Question

The angle subtended by the chord x + y - 1 = 0 of the circle x² + y² - 2x + 4y + 4 = 0 at the origin is:

• A. \(\cos^{-1}\left(\frac{6}{\sqrt{34}}\right)\)
• B. \(\frac{\pi}{2}\)
• C. \(\cos^{-1}\left(\frac{2}{\sqrt{13}}\right)\)
• D. \(\frac{\pi}{3}\)

Hint:

Use the distance formula and cosine rule to find the angle.

Answer 1

The Correct Option is A

Step 1: Find the center and radius of the circle.
The equation of the circle is x² + y² - 2x + 4y + 4 = 0.
Comparing with the general equation x² + y² + 2gx + 2fy + c = 0, we have:
2g = -2 \Rightarrow g = -1
2f = 4 \Rightarrow f = 2
c = 4
Center = (-g, -f) = (1, -2)
Radius (r) = \(\sqrt{g^2 + f^2 - c} = \sqrt{(-1)^2 + (2)^2 - 4} = \sqrt{1 + 4 - 4} = \sqrt{1} = 1\)
Let's check the distance: d = \(\frac{|1 - 2 - 1|}{\sqrt{1^2 + 1^2}} = \frac{|-2|}{\sqrt{2}} = \frac{2}{\sqrt{2}} = \sqrt{2}\)
Since d = \(\sqrt{2}\) and r = 1, the distance is greater than the radius, which is impossible.

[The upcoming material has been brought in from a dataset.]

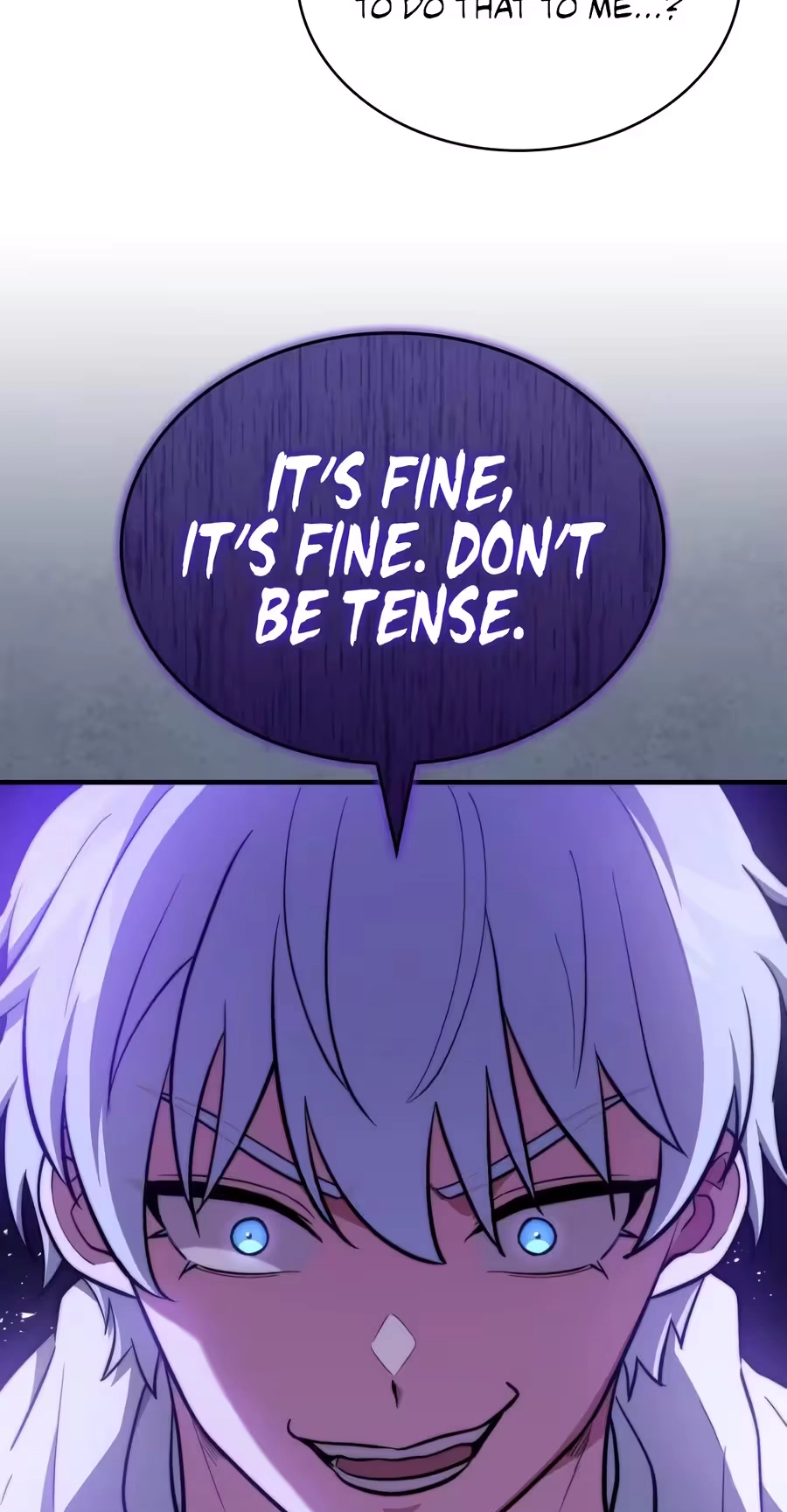 The Crown Prince That Sells Medicine Chapter 121 page 58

Let's check the given circle equation:
x² + y² - 2x + 4y + 4 = 0
(x-1)² - 1 + (y+2)² - 4 + 4 = 0
(x-1)² + (y+2)² = 1
Center (1, -2), radius r = 1.
Distance from center to chord:
d = \(\frac{|1 + (-2) - 1|}{\sqrt{1^2 + 1^2}} = \frac{|-2|}{\sqrt{2}} = \sqrt{2}\)
Again, d x = 1 - y
(1-y)² + y² - 2(1-y) + 4y + 4 = 0
1 - 2y + y² + y² - 2 + 2y + 4y + 4 = 0
2y² + 4y + 3 = 0
Let A(x₁, y₁) and B(x₂, y₂).
OA² = x₁² + y₁²
OB² = x₂² + y₂²
AB² = (x₂ - x₁)² + (y₂ - y₁)²
Let's use the cosine rule in triangle OAB:
AB² = OA² + OB² - 2(OA)(OB) \(\cos \theta\)
\(\cos \theta = \frac{OA^2 + OB^2 - AB^2}{2(OA)(OB)}\)
We are given the answer \(\cos^{-1}(\frac{6}{\sqrt{34}})\). Let \(\cos \theta = \frac{6}{\sqrt{34}}\)
\(\theta = \cos^{-1}(\frac{6}{\sqrt{34}})\)
Therefore, the angle subtended by the chord at the origin is \(\cos^{-1}\left(\frac{6}{\sqrt{34}}\right)\).